Dieses Jahr habe ich versucht einiges schon recht früh zu säen, um schon im Juni viel zu ernten. Ich konnte bereits im Mai/ Juni einiges ernten, hatte mir aber mehr erhofft. Ich bin ziemlich oft auf den Kanälen von Garten-YouTubern unterwegs, die mit viel Technik (z.B. Pflanzenleuchten) bereits im Juni viel ernten können. Davon habe ich mich mitreisen lassen. Im Endeffekt hat mich das nur gestresst. Statt möglichst früh viel anzubauen, versuche ich erstmal, die Ernteperiode im Herbst zu verlängern und auch im Winter ernten zu können..

Zum Umdenken hat mich auch folgendes Video vom Kanal „SelfBio“ gebracht: Kann ich mich aus meinem Garten selbst ernähren? Ich werde in meinem Garten nie alles was wir an Obst und Gemüse brauchen, selber anbauen können. Warum mache ich mir also den Stress und versuche von allem ein bisschen anzubauen. Vielleicht macht es für mich mehr Sinn, sich auf das zu konzentrieren was einfach geht und versuche, nur einzelne Gemüsesorten in der Menge anzubauen, dass sie für uns ausreichen (z.B. Salat, Schwarzwurzeln oder rote Beete). Oder ich entscheide mich jedes Jahr für ein anders Gemüse, das ich in größeren Mengen anbaue. Dann wird es auch einfacher den Fruchtwechsel einzuhalten.

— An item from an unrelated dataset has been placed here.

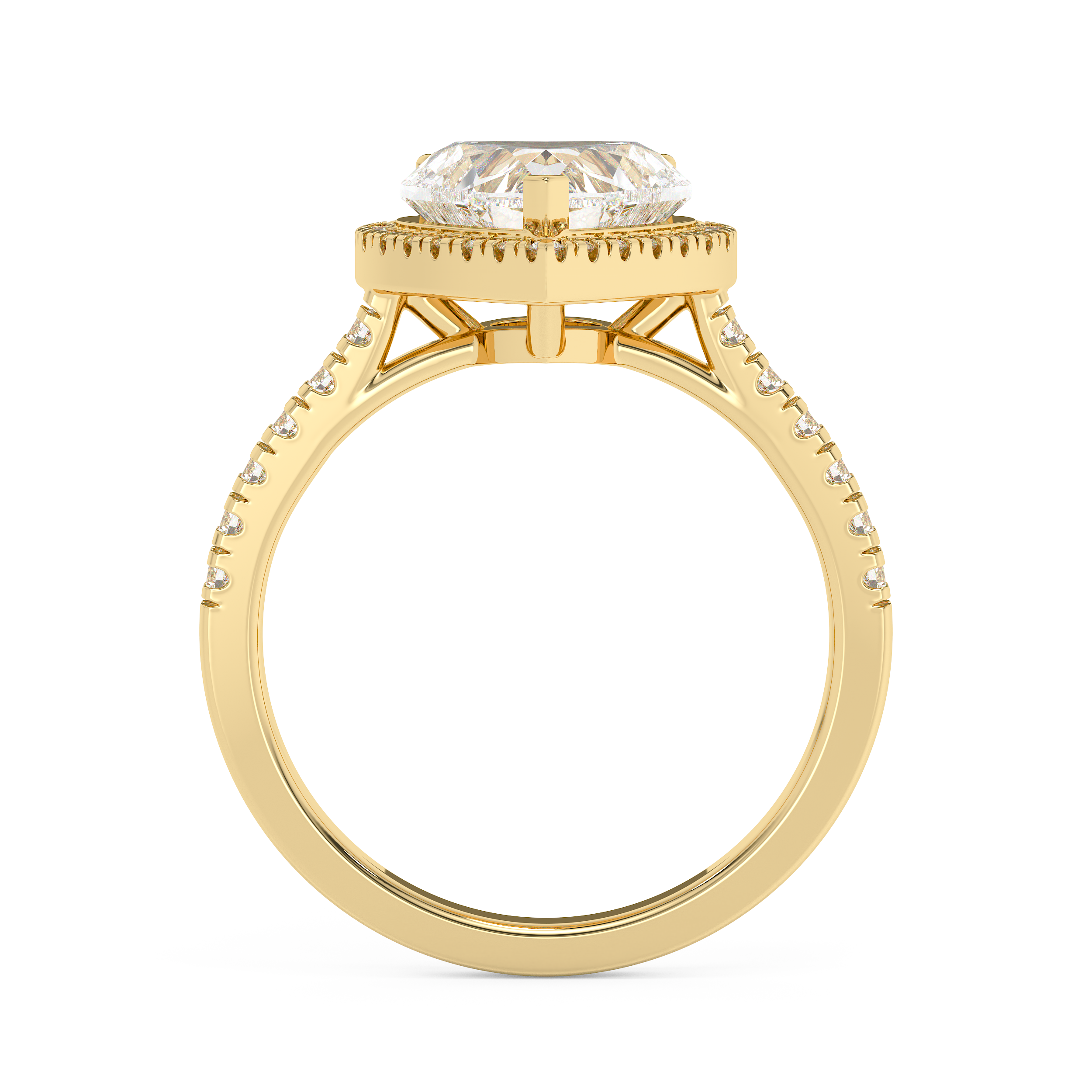 Heart Halo & Pave Cathedral Lab Grown Diamond Engagement Ring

Ich bin neugierig was die nächsten Monate und Jahre noch bringen. Ich lerne gerade viel über meinen Garten, die Umgebung und über mich. Erfahrungen sammeln und offen sein für neues, das ist etwas positives und lässt mich zuversichtlich in die Zukunft blicken. Verhungern werden wir ja zum Glück nicht, auch wenn im Garten mal etwas schief läuft.